## Your objective:
The expected output is the line bearing "Almanya'daki bir MediaMarkt" followed by all remaining lines of the records, each restated word for word.
[[ Records provided open ]]
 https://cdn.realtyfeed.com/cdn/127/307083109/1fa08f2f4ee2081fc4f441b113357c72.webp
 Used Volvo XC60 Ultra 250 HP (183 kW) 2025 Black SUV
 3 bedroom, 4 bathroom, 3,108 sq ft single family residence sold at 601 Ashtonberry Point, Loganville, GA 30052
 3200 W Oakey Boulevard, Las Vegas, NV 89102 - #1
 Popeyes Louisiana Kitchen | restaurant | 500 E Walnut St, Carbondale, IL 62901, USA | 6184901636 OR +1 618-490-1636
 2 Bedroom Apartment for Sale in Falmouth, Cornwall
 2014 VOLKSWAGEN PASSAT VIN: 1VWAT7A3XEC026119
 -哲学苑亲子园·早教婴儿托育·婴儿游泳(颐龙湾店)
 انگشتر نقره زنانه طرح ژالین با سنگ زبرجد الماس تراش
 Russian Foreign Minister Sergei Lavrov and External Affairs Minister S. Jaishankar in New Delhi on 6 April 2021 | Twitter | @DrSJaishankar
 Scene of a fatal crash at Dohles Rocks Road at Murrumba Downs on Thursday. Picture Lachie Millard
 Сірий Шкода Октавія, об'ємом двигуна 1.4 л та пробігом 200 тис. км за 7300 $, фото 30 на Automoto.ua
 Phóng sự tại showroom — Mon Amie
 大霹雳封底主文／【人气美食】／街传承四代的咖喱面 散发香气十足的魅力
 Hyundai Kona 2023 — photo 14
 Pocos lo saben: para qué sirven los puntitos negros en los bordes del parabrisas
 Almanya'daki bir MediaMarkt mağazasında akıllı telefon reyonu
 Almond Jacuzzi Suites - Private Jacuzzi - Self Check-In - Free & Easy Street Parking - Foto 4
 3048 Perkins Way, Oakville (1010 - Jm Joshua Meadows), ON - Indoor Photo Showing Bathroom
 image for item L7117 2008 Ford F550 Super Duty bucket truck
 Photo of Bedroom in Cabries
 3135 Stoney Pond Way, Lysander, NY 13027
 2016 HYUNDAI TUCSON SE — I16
[[ Records provided closed ]]
## Output below:
 Almanya'daki bir MediaMarkt mağazasında akıllı telefon reyonu
 Almond Jacuzzi Suites - Private Jacuzzi - Self Check-In - Free & Easy Street Parking - Foto 4
 3048 Perkins Way, Oakville (1010 - Jm Joshua Meadows), ON - Indoor Photo Showing Bathroom
 image for item L7117 2008 Ford F550 Super Duty bucket truck
 Photo of Bedroom in Cabries
 3135 Stoney Pond Way, Lysander, NY 13027
 2016 HYUNDAI TUCSON SE — I16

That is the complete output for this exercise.